In Hurricane Ruins, North Carolina Food Workers Organize and Fight
Restaurant workers threw themselves into cooking meals for thousands of displaced people with the local Mutual Aid Disaster Relief group. AFBU members helped workers apply for relief funds, while another crew drove water tubs around to help isolated seniors flush their toilets. Photo: AFBU
https://labornotes.org/2024/12/hurricane-ruins-north-carolina-food-workers-organize-and-fight
December 05, 2024 / Keith Brower Brown
Twenty-one days without running water. A week before any cell service or internet. Hospitals closed, and thousands of houses swept away.
Not long after developers started trumpeting the city of Asheville, North Carolina, as a climate haven from coastal storms, the area experienced catastrophic flooding. Upland Tennessee and North Carolina were the hardest hit by Hurricane Helene on September 27.
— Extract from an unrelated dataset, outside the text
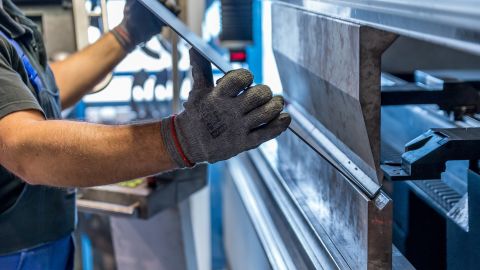 Aunque el número de empleos aún se mantiene por debajo de niveles anteriores, en algunas ciudades y estados hay buena cantidad de puestos de manufactura.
For restaurant workers, the crisis is still getting worse, says Miranda Escalante, a hotel bartender and co-chair of Asheville Food & Beverage United, an organization of restaurant workers. At least three-quarters have been laid off since the storm, she said, in what would have been peak season. But their landlords are still demanding rent.
When a climate disaster hits, what can unions do? North Carolinas service workers are demanding that recovery and rebuilding happen on their terms.